左官工事 繊細で芸術的な職人技
左官とは、建築物の壁や床などを鏝(こて)という道具を用いて、塗って仕上げる職種です。材料として主にセメント、石膏、消石灰、土などに石や砂を混ぜ水で練ったものを使用します。使用する材料の利便性から、鉄鋼・鋼製建具・製作金物の固定、その周囲の壁や床面との取りあう部の美観調整も行います。
日本における左官業の歴史は古く、日本家屋の壁には昔から塗壁として土壁や漆喰などが用いられ、それらの仕上には欠かせない職種でした。その後、壁の仕上は乾式化が進み左官による仕上げはほとんど見られなくなりましたが、近年「和モダン」と呼ばれ、手仕事による仕上げの多様性や味わいを持つ仕上げとして再認識されてきています。

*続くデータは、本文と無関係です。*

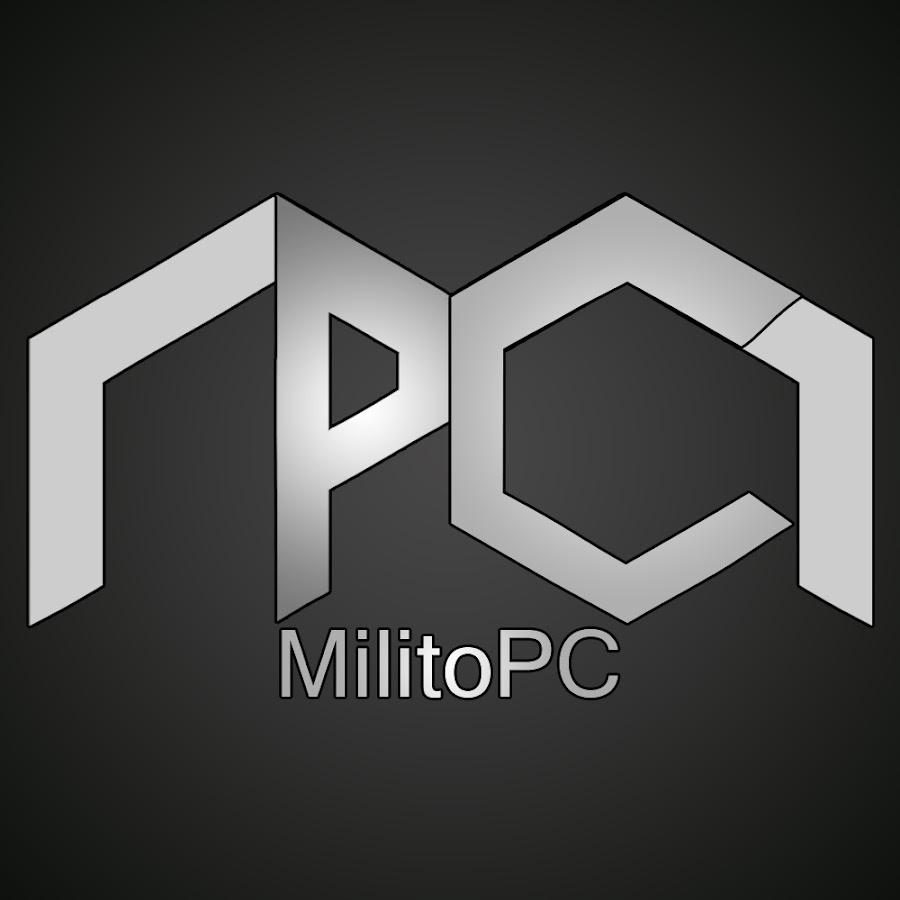 MilitoPC YouTube kanalı avatarı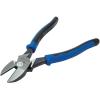 imageKlein Tools J200059 Pliers Diagonal Cutting Journeyman Pliers with HighLeverage Design Larger Head and Extra Long Blades 9Inch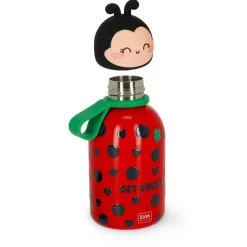 Legami – Gourde Thermique Enfant Ladybug Hot & Cold BFF Coccinelle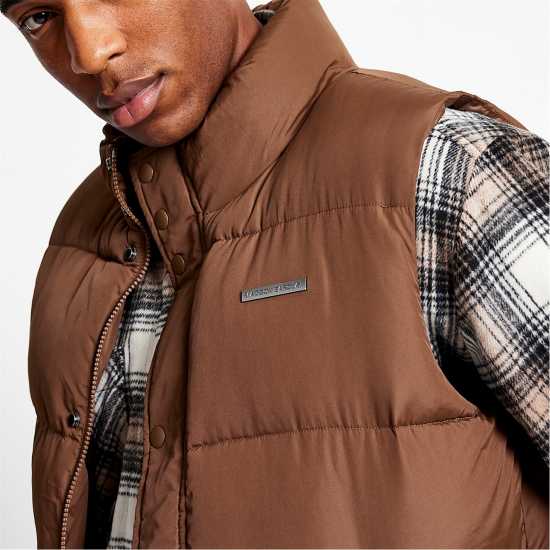 Ватирано Елече Madison Barclay Coney Quilted Vest  Мъжки якета и палта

左官業の歴史はまさに、日本家屋の歴史と行っても過言でないくらい長いものがあります。「左官」という語源も、一説では平安時代にまでさかのぼると言われています。とても繊細な技術が必要となる職種ですが、その技術を芸術的領域にまで昇華させる職人もいるほどです。
その腕次第で、建築物の仕上がりを左右させてしまうくらい責任重大な仕事ではありますが、それと同時にとてもやりがいがある仕事といえます。